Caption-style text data
▼▼▼
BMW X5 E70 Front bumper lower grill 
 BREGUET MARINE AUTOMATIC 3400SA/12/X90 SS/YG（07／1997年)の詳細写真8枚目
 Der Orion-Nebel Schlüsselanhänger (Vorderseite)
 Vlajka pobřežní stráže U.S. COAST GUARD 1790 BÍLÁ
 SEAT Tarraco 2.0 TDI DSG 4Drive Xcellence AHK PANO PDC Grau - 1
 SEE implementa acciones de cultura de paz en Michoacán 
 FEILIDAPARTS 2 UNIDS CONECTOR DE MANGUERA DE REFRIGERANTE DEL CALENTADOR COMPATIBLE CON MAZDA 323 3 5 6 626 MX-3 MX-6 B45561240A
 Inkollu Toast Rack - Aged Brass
▲▲▲
Set down all of the data above, word for word.

Answer space ->
BMW X5 E70 Front bumper lower grill 
 BREGUET MARINE AUTOMATIC 3400SA/12/X90 SS/YG（07／1997年)の詳細写真8枚目
 Der Orion-Nebel Schlüsselanhänger (Vorderseite)
 Vlajka pobřežní stráže U.S. COAST GUARD 1790 BÍLÁ
 SEAT Tarraco 2.0 TDI DSG 4Drive Xcellence AHK PANO PDC Grau - 1
 SEE implementa acciones de cultura de paz en Michoacán 
 FEILIDAPARTS 2 UNIDS CONECTOR DE MANGUERA DE REFRIGERANTE DEL CALENTADOR COMPATIBLE CON MAZDA 323 3 5 6 626 MX-3 MX-6 B45561240A
 Inkollu Toast Rack - Aged Brass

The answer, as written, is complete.